Please tell me about other examples which can be added to this site.

Excell-At Phonetics

This is a resource I created for myself while doing a course in phonetics.

To use this resource you need an IPA-SAM phonetic font.  These can obtained from http://www.phon.ucl.ac.uk/home/wells/fonts.htm
These fonts exploit the fact that the IPA does not use most of the capital letters so they assign the most common phonetic characters to Shift + the normal keys.

One problem with the IPA-SAM fonts is that Microsoft's word-wrapping code does not recognise the space. This means that words can be split at arbitrary characters.  To cope with this keep en eye on the line length. In MS Word press Enter when it looks like the next word will might be broken. In Excel if it looks like a word will be too long to fit in a cell use Alt + Enter to start a new line.

It is also useful to create macros with keyboard shortcuts for changing fonts.  In Excel 2000 the shortcuts all use use the Ctrl Key. (In MS Word they can use both Ctrl and Alt).  I have assigned Crts + Shift + A to change the font to Arial, and Ctrl + Shift + P to change the font to IPA-SAMS.  The Techniques page tells you how to create these macros.

Microsoft has unfortunately designed Excel so that typing a "/" as the first character in a cell takes you to the Menus (i.e. if acts like Alt).  To be able to start a cell with "/"

  •  Go to Tools > Options > Transition
  •  In the middle of the screen you will see a "/".  Delete it.
  •  Click on OK

There are a couple of other peculiarities about typing phonetics in Excel

  •  If you want a single quote to be the first character in a cell you have to type two single quotes.

Master worksheet

Keyboard Keyboard character in Arial  
Shifted SAM The same character in the SAM font When learning keyboard, use this as the questions and try to type it in a blank column
Key E - used in transcribing English When learning, I sort on Key to select lines
English from handout Question
Phonemic from handout Answer


Excell-At The Shma

This is a resource for Hebrew students who have learned the sounds of the consonants and the vowels,  and who now want to practice reading Hebrew.

The original sound file was provided by Foundationstone  (add URL).

I copied the original Quicktime audio using Real Player then cut the file into 51 one-word sound files.
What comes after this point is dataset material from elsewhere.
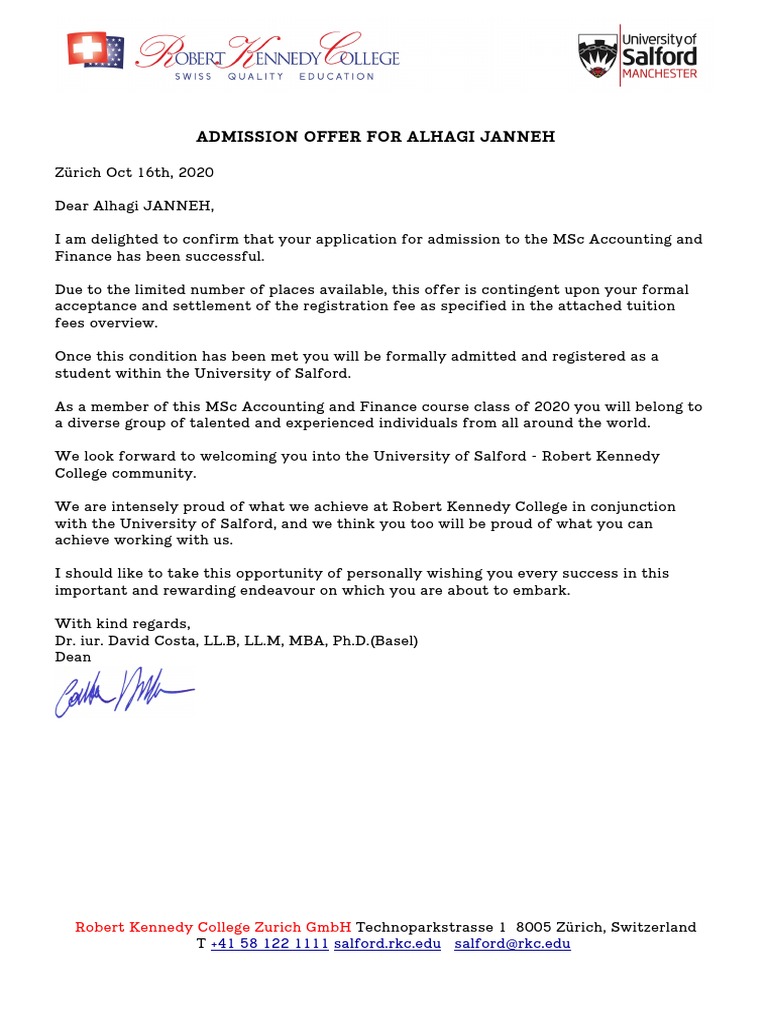 Admission Offer For Alhagi Janneh Robert Kennedy College Zurich GMBH PDF Swiss Franc Zürich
To run the application you need the Excel file and all the sound files in a single folder.

Create a folder.

Download this zip file  (add zip to site and add URL here.)

Extract the zipped files into the same folder as the download.

The quiz can be run in several different ways.

  • Questions - Hebrew;    Answers - sound files
    Delete or ignore the English column, conceal the column with the hyperlinks to the sound files, read the Hebrew, then click on the hyperlink to listen to the correct reading

  • Questions - Hebrew;    Answers - English
    Conceal the English column, and see if you can translate the Hebrew.

  • Questions - English;    Answers - Hebrew
    Conceal the Hebrew and see if you can translate the English into Hebrew.

  • Questions - Hebrew;    Answers - new column with number of syllables
    Some of the long words are difficult to read.  You may find it useful to listen carefully to the recordings and counting the number of syllables in each word.  Add a syllable count column to the table, and make that an answer column.

  • Questions - Hebrew words;    Answers - dictionary Hebrew words
    Hebrew words have prefixes, suffixes and letters inserted in the middle. It is therefore difficult to identify which letters make up the words which will occur in dictionaries.  If there is a demand for it, this resource could be extended to include a column for the dictionary word.  If there is a demand for it, it would also be possible to include instructions for typing in Hebrew.